Records drawn from a dataset

# # # # #

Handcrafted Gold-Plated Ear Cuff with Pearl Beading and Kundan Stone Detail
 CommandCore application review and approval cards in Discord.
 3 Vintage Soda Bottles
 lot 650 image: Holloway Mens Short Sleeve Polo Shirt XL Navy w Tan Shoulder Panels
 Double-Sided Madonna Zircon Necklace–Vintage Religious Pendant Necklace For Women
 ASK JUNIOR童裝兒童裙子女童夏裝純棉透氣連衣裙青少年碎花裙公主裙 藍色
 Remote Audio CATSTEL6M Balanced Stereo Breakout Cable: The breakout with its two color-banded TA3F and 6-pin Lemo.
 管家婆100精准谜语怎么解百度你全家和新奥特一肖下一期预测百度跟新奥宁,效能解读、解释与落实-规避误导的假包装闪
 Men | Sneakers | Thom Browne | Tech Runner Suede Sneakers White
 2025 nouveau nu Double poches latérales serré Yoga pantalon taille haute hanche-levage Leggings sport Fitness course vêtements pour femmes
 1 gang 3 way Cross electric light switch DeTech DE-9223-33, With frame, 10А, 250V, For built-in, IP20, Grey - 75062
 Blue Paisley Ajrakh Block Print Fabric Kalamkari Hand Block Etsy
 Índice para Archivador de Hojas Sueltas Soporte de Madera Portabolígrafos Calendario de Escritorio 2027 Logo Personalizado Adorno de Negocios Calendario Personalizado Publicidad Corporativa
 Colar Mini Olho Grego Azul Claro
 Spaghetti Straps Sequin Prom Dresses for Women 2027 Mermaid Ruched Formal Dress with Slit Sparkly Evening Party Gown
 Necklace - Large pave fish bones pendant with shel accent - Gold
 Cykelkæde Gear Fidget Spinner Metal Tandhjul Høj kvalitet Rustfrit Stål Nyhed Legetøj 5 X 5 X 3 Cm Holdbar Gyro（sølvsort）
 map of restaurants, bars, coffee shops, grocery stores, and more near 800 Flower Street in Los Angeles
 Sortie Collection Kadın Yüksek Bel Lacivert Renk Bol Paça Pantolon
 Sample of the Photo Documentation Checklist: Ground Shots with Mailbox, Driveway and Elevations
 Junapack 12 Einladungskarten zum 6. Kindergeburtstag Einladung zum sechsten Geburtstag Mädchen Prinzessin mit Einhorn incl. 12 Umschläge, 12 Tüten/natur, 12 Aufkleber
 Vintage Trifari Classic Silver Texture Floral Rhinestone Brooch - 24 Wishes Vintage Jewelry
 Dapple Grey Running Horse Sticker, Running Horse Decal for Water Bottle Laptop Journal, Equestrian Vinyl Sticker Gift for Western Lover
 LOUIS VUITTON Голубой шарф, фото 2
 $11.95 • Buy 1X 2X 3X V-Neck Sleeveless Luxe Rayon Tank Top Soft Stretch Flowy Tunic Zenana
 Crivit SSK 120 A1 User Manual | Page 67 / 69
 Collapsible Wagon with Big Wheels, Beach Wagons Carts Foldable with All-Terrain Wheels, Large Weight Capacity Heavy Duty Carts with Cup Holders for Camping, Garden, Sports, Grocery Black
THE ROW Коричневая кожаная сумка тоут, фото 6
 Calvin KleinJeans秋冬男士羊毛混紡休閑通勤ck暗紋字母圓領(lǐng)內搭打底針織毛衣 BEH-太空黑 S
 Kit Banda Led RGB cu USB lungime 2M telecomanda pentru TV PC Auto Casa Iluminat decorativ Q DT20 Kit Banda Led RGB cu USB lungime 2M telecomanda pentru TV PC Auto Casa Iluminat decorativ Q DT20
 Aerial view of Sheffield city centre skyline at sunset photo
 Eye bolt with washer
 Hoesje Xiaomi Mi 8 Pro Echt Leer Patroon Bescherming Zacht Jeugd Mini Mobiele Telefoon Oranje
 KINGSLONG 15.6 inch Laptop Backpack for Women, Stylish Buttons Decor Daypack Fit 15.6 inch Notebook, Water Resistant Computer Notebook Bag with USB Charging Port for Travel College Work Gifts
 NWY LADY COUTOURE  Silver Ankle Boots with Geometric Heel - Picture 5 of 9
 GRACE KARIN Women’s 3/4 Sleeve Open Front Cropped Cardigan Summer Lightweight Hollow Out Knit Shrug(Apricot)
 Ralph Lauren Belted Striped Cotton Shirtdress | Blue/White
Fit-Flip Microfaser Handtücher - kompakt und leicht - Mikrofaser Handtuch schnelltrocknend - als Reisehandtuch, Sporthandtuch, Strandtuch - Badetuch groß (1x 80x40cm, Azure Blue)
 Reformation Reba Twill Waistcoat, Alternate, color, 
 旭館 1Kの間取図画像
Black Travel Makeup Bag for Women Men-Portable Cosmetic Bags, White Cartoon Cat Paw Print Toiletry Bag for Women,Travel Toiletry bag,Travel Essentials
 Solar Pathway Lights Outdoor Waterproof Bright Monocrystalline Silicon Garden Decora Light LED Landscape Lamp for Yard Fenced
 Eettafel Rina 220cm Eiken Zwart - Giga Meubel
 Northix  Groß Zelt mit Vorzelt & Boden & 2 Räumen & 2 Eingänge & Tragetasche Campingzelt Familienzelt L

# # # # #

Your task is to gather all lines from the entries above that hold the word "Grey".

* **Answer space**:
 1 gang 3 way Cross electric light switch DeTech DE-9223-33, With frame, 10А, 250V, For built-in, IP20, Grey - 75062
 Dapple Grey Running Horse Sticker, Running Horse Decal for Water Bottle Laptop Journal, Equestrian Vinyl Sticker Gift for Western Lover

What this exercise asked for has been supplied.